A growing interest in teaching and a desire to help Milwaukee’s Spanish-speaking community started Celina Echeveste on her career path.
But it was the memory of a trip to her parents’ native Mexico that helped lead her to research Autism Spectrum Disorders (ASD) and non-English speaking families – and to create a guidebook that would help them identify the disorders early on.
Echeveste a 2012 School of Education graduate, now a special education teacher at Forest Home Avenue School in Milwaukee, recalled her unease at seeing how children with special needs were sometimes treated in Mexico.
“I saw parents who were ashamed of these children, and they weren’t getting the help they needed. I did not want parents here to feel that way about their children just because they didn’t understand or know enough about autism,” Echeveste says. “I wanted to design something I could give to families who were new to the concept of autism and what it is.
Many families in the Hispanic community don’t understand what autism is and what it may mean to their children.”
Her original research was in partial fulfillment of the requirements for a UWM master of science degree in exceptional education, and the full title was a mouthful: “A Guide for Culturally and Linguistically Diverse Families and – Their Children with Autism Spectrum Disorders: From Diagnosis to Education.”
In Echeveste’s special education bilingual K3 classroom at Forest Home Avenue School, it’s more down-to-earth.
A guidebook – printed and assembled with help from Echeveste’s family – characteristics and initial warning signs of ASD, and includes school and community resources. It contains additional pamphlets printed in Spanish, and Echeveste hopes to have the entire guidebook translated.
The students in Echeveste’s K3 classroom spend each morning working on their motor skills and “pre-academics,” such as learning names of colors and listening to stories. -the class is conducted in Spanish, and Echeveste and her assistant teacher often play upbeat Spanish songs on a computer. In the afternoon, Echeveste is a resource teacher in a K5 classroom, working with children who need her help, but who remain in their own classroom during the school day.
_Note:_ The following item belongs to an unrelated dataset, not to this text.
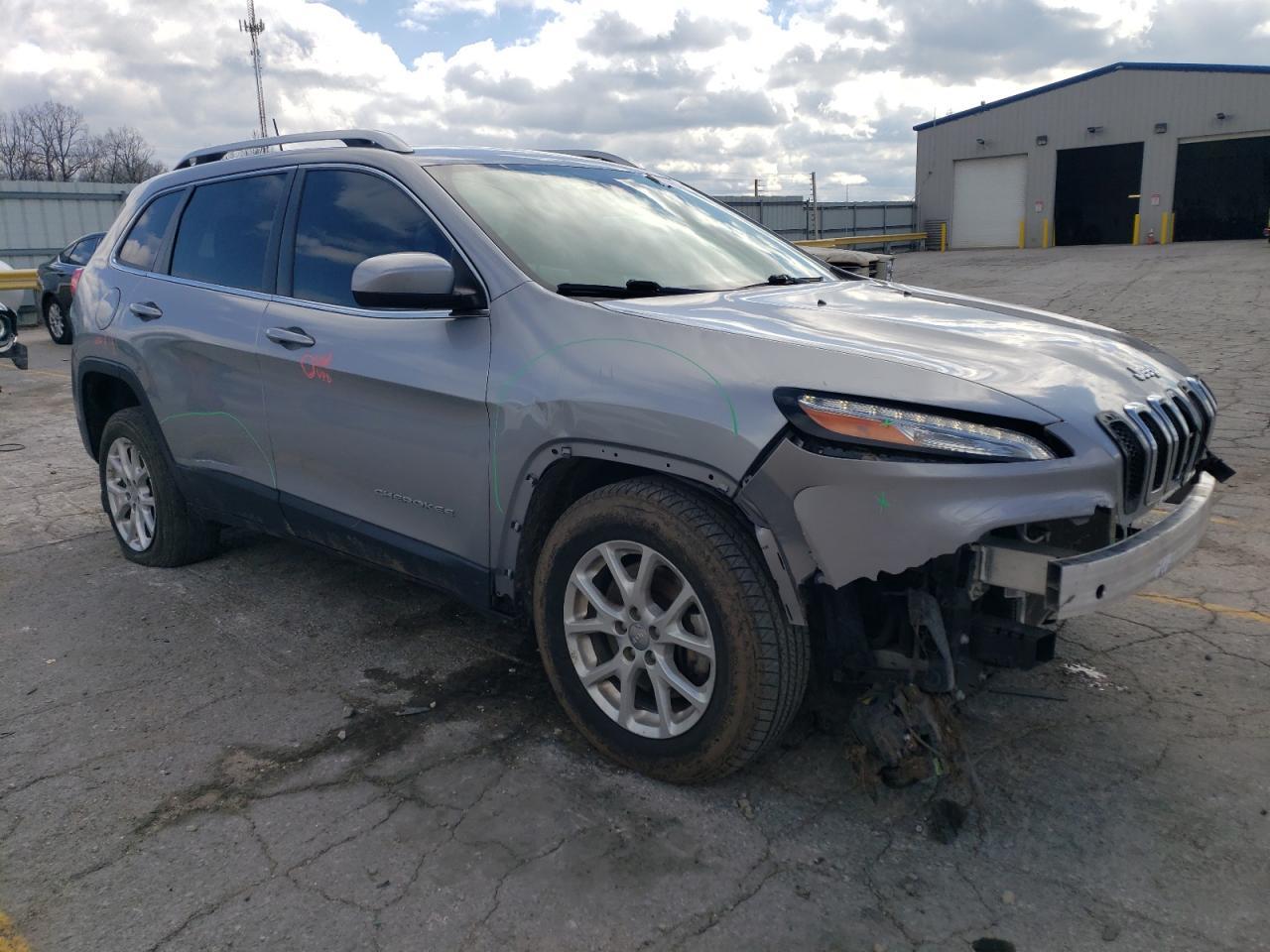 2017 JEEP CHEROKEE L - Image 4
Echeveste, whose parents immigrated to Milwaukee, is fluent in Spanish, which enhances communication with her young students. “Some of the K3 students have some English, some no language at all; they are just beginning to say sounds,” Echeveste says. “All K3 instruction is categorical: we have a little bit of everything, including Significant Developmental Delay (SDD). Here they start learning basics so they can catch up to their peers.”
When students turn 6 years old, they may be tested to determine if they have ASD or another disorder.
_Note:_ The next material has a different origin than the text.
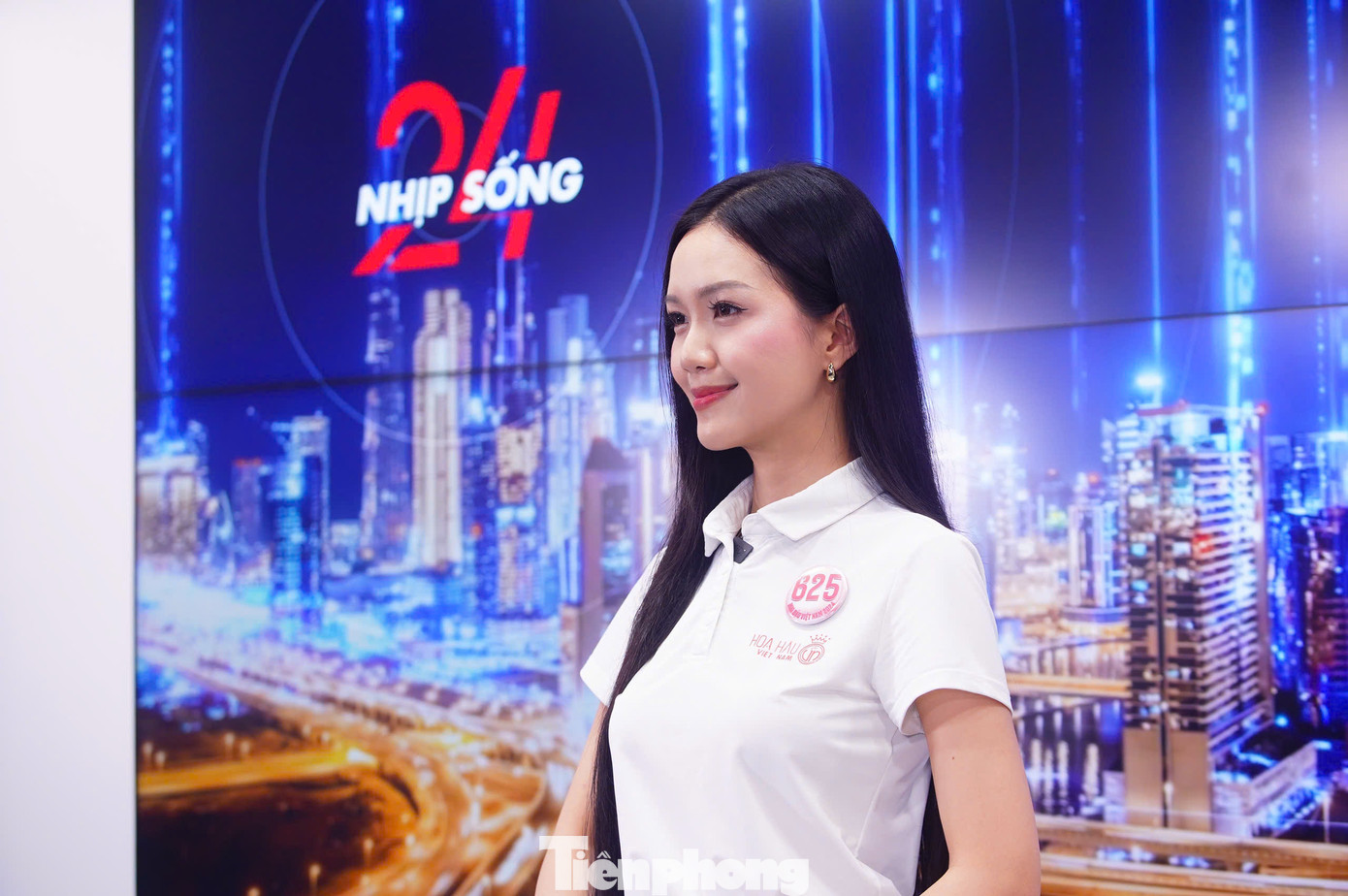 Thí sinh Hoa hậu Việt Nam 2024 trổ tài làm MC/BTV cho bản tin Nhịp sống 24 trên báo Tiền Phong. Nguyễn Hoàng Mỹ Vân (SBD: 625) - MC song ngữ tự do - không ngần ngại thể hiện tài năng của bản thân. Mỹ Vân nhanh chóng hoàn thành bản tin ngày 25/4 cùng với khách mời là 40 thí sinh Hoa hậu Việt Nam 2024 còn lại.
It’s at this time that Echeveste’s guidebook proves most useful for families because early evaluation and treatment can make significant improvements in children’s lives.
“Children in Spanish-speaking families and African American children tend to be diagnosed less often than others. Maybe they don’t have the resources, or they don’t understand what autism is. I have a lot of parents come in and they wish they had the resources earlier because earlier diagnosis means children with ASD can get help earlier,” Echeveste says.
Echeveste started at Forest Home Avenue School three years ago as part of an internship program with the SOE and Milwaukee Public Schools.
She did not set out to be a teacher, although she enjoyed teaching religious education when she was younger. She studied nursing for three years before earning a degree in psychology and doing internships in mental health therapy. She realized how much she loved working with young children, as well as how many of them may have been missing early diagnosis of ASD.
She came to UWM to earn her teaching certification in exceptional education and finished her master’s degree in the SOE in 2012.
Says Maureen Keyes, associate professor of exceptional education in the School of Education, and Echeveste’s graduate adviser:
“I recall the first time that I met Celina. She heard that I had experience in the area of ASD and took the chance that we could work together. I was impressed with her tenacity, intelligence and commitment from that first meeting, feelings that grew and deepened with every subsequent meeting. – the breadth of her commitment and willingness to work hard was invigorating. Teachers love to teach – especially when given the gift of a student that is so willing to learn and work hard – that is what keeps us committed.”
“It was a big change for me coming from a smaller college, but I had a great experience in the SOE,” Echeveste says. “I loved teaching because I love when we start from nothing and make even a little gain for our kids. Sometimes following a simple routine, opening a carton of milk, is an accomplishment.”